= Hong Kong Schools Speech Festival =

The Hong Kong Schools Speech Festival is one of Hong Kong's largest inter-school competitions, and is organized by the Hong Kong Schools Music and Speech Association. Primary and secondary school students across Hong Kong deliver speeches in English and Chinese. The festival has been running for the past 70 years.
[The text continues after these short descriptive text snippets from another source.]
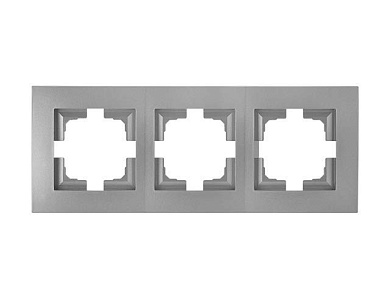 Рамка 3-местная серебро, Стиль новый, Bylectrica ЮЛИГ.735212.553сер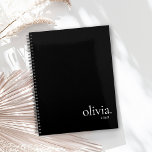Agenda Monograma simple profesional en blanco y negro<br><div class="desc">Planificador profesional de nombres sencillos en monograma blanco y negro.</div>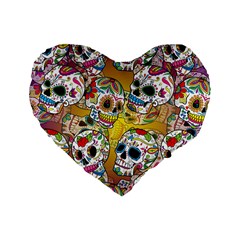 Sugar Skulls Standard 16  Premium Heart Shape Cushions by ExtraGoodSauce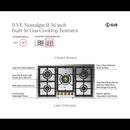 ILVE Nostalgie II 36-Inch Built-In Natural Gas Cooktop with 5 Burners in Stainless Steel with Brass Knob (UHCPT95NSSG)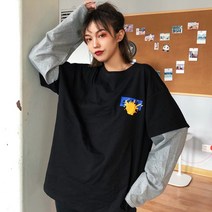긴소매 상의 가을 2020INS 하라쥬크 와이드 루즈핏 유행 CEC 클래식 페이크 얇은티셔츠 여성 300672722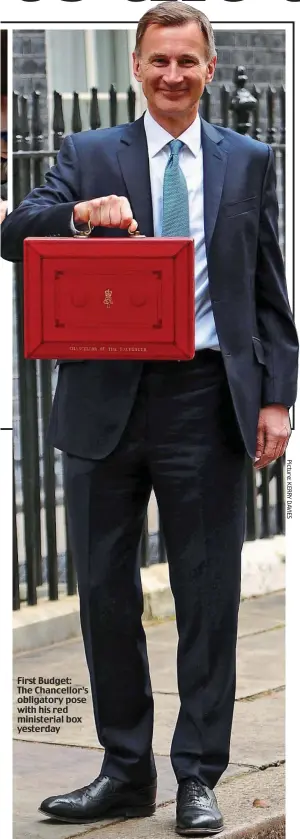  ?? ?? First Budget: The Chancellor’s obligatory pose with his red ministeria­l box yesterday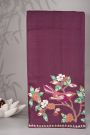 Designer Tussar Wine Saree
It is known as one of the prime events in which primary through secondary school students have the chance to challenge themselves in spoken English. Schools see first hand the confidence gained and improvement in their students English through their participation in the event.

== Events ==
The following is a list of typical events (in English) each year:

- Solo Verse Speaking
- Harmonic Choral Speaking (Open)
- Choral Speaking (Non-Open)
- Prose Speaking (Open)
- Prose Reading (Non-Open)
- Bible Reading
- Public Speaking Solo
- Public Speaking Team
- Words and Movement
- Thematic Group Speaking
- Improvised Dramatic Scenes
- Shakespeare Monologue
- Solo Dramatic Performance
- Dramatic Scenes
- Dramatic Duologue
- Rehearsed Original Scene

== Prizes ==
Students can place 1st, 2nd, 3rd or receive certificates in Honours (90 marks or over), Merit (80 – 89 marks) and Proficiency (75 – 79 marks). Most schools in Hong Kong recognize this event to be one of the most important accolades that a student can receive and it is often mentioned in most schools list of achievements.